Cuando cumplió los nueve años, Brâncuși fue a Tîrgu Jiu, un pueblo en la región de Oltenia, a buscar trabajo. Una vez allí consiguió trabajó en una tintorería; dos años más tarde entró al servicio de un tendero en Slatina; y luego termino sirviendo en una taberna de Craiova, donde permaneció durante varios años.

Su afición por el trabajo en la madera siguió creciendo por lo que emprendió tallas elaboradas, como la producción de un violín a partir de una caja de naranjas. Tales hazañas atrajeron la atención de un empresario, quien en 1894 lo inscribió en la Escuela de Artes y Oficios de Craiova.

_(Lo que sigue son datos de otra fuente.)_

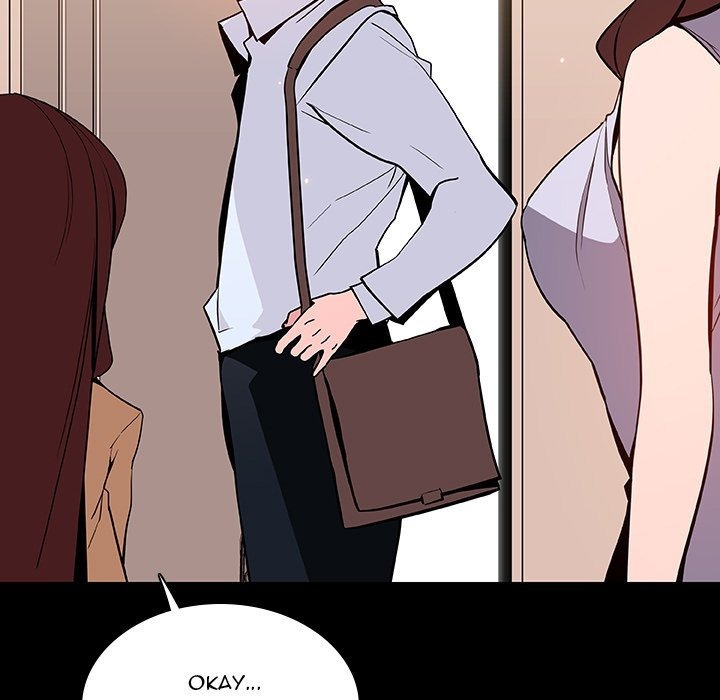 Fallen Flower chapter 59 page 192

Para poder asistir a la escuela, Brâncuși tuvo que aprender a leer y escribir por su cuenta.

En 1896, a los 20 años, Brâncuși empezó a viajar por primera vez: fue a Viena, a orillas del Danubio, y subsistió como carpintero para ganar dinero para sostenerse. Como su ambición era ser escultor, en 1898 se presentó a un concurso en la Escuela de Bellas Artes de Bucarest y fue admitido como alumno. Aunque se sentía más atraído por el trabajo de los “artistas independientes” que por el de los académicos de su casa de estudios, se enfocó seriamente en el aprendizaje de la anatomía humana y el modelado.

En 1903, a su regreso del servicio militar, le atrajo la fama de Auguste Rodin, que se había extendido de París a Bucarest. Las audaces concepciones de Rodin inspiraron el entusiasmo de la vanguardia y la indignación de los académicos. El ejemplo de Rodin despertó una gran curiosidad en él por lo que sucedía en el arte más allá de las fronteras de su país nativo, por lo que viajó a Múnich, Alemania, donde permaneció hasta la primavera de 1904. Luego decidió ir a París.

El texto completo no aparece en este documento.